To parallelise the algorithm, we have to somehow decompose it into pieces that can execute concurrently. Typically such a decomposition is induced either by the structure of the computation or otherwise by the structure of the data that are operated on.
As, besides iteration, the only computationally interesting task that is carried out by the function is the trigonometry in the body of the innermost loop, there are no obvious opportunities for a decomposition based on the structure of the computation. Therefore, let us focus on decompositions based on the structure of the data, and let us distinguish between
data decompositions that are based on the structure of the input data, and
data decompositions that are based on the structure of the output data.
The structure of the input data, in our case, is given by the pixel array that is passed as an argument to the function hough and that is iterated over by the two outermost loops in the body of the function.
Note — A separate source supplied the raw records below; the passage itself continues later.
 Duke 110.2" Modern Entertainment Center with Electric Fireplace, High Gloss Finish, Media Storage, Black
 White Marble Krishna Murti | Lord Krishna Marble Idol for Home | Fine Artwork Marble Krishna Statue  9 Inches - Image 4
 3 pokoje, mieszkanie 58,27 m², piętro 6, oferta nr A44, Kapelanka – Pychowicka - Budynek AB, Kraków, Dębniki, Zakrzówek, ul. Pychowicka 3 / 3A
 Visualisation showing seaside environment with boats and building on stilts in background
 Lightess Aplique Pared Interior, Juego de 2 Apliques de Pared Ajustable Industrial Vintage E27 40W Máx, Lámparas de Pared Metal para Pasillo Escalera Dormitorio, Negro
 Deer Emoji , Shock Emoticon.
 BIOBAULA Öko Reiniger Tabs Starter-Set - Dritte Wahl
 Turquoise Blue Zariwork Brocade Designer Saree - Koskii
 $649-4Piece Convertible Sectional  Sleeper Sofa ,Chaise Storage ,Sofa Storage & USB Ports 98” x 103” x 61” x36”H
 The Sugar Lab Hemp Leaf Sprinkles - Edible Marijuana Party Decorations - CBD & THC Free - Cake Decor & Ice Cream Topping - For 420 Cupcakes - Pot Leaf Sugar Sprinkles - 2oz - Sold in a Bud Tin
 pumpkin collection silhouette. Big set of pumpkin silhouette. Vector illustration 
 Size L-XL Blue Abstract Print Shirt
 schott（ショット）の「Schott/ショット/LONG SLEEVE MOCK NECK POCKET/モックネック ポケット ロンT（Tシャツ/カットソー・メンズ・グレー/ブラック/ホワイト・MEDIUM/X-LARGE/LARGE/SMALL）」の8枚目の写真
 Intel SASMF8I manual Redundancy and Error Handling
The structure of the output data is given by the structure of the returned accumulator array and is iterated over by the innermost loop in the body of the function.
We first look at output-data decomposition as, for the Hough transform, it leads to the simplest parallel algorithm.
Output-data decomposition
Decomposing the output data into units that can be produced relatively independently materialises into having the iterations of the innermost loop execute in parallel.
Doing so, one has to take into account any so-called loop-carried dependencies for the loop to parallelise. In this case, this is straightforward as there are no such loop-carried dependencies: all iterations of the loop require read-write accesses to the shared array accum, but each iteration operates on its own "private" segment of the array (i.e., those elements that have indices i with i % res == t).
Using OpenMP, this gives us the following straightforward parallel implementation:
size_t *hough(bool *pixels, size_t w, size_t h, size_t res, size_t *rlimit)
{
*rlimit = (size_t)(sqrt(w * w + h * h));
double step = M_PI_2 / res;
size_t *accum = calloc(res * *rlimit, sizeof(size_t));
size_t x, y, t;
for (x = 0; x < w; ++x)
for (y = 0; y < h; ++y)
if (pixels[y * w + x])
#pragma omp parallel for
for (t = 0; t < res; ++t)
{
double theta = t * step;
size_t r = x * cos(theta) + y * sin(theta);
++accum[r * res + t];
}
return accum;
}
Input-data decomposition
A data decomposition that follows the structure of the input data can be obtained by parallelising the outermost loop.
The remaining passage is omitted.